Charles Randell, chair of the Financial Conduct Authority and the Payment Systems Regulator recently said that a possible trio of ongoing trends powering disruptive finance, if left unchecked, could turn nasty.
The UK could be at risk of turning into an ‘algocracy’ where algorithms and not people or regulators have power over the financial system, according to Charles Randell, chair of the Financial Conduct Authority (FCA).
Speaking earlier this month at an event organised by Reuters, Randell offered up a bullish outlook for disruptive finance in the UK but said there are three factors, evolving rapidly, that could come together to make a dystopian financial future. These are the accelerating march and adoption of Big data, machine learning and behavioural science.

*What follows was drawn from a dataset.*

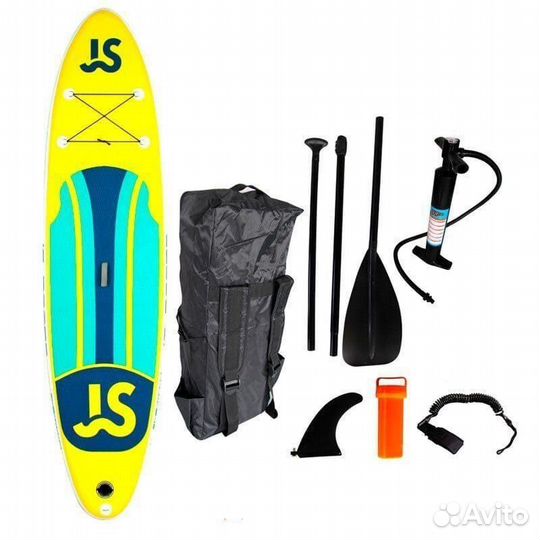 Supboard JS GQ 335 сапборд sup board сап борд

“Some have said that in the future we will live not in a democracy, where the citizens decide how we are governed, nor in a bureaucracy, where officials like me decide, but in an algocracy, where algorithms decide,” he said
“We need to anticipate the fundamental questions which Big Data, artificial intelligence and behavioural science present, and make sure that we innovate ethically to shape the answers,”he added.
An algocracy could, he says, exacerbate social exclusion and worsen access to financial services in the way that it identifies the most profitable or the most risky customers as firms become more focused on profit maximisation through the increasing sophistication of Big Data, artificial intelligence and behavioural science.
In a world that is moving towards greater connectivity of data through the ‘internet of things’ - with cars, homes and electrical appliances all now networked into the digital grid - Randell says datasets could become vastly more powerful.
“Rapid advances in the ability to store data cheaply have created enormous and detailed datasets about many different aspects of our lives. The largest of these datasets are held and controlled by a small number of big corporations,” he said.
Within artificial intelligence and machine learning systems he says these large corporations can mine Big Data sets for patterns more effectively than ever before.
“Whereas in the past firms could only target broad groups of consumers, these patterns can now be turned into conclusions about us as individuals. They can make predictions about our future behaviour, and then decide which products and services we should be offered and on which terms.”
Through behavioural science these firms are also quickly improving their understanding of human behaviour meaning they are able to target marketing using ‘nudges’ which exploit our decision-making biases, informed by the Big Data sets containing our actions.
“Some nudges may be in consumers’ interests, as with auto-enrolment for pensions, but there is the potential for them to be used against our interests too,” he said.
Randell does concede that while the aforementioned trends - unchecked - are of concern, we should be optimistic of the advances in the use of data science within financial services.
“This rapidly evolving technology has already brought huge benefits to society. This includes smarter ways of detecting financial crime and market abuse, cheaper and faster transactions and greater access to affordable financial advice and guidance.”
“The UK fintech industry is world leading and bursting with new ideas. But there is no room for complacency. Technological innovation in financial services brings together two of the UK’s greatest assets and gives us the opportunity to lead the world in fintech,” he added.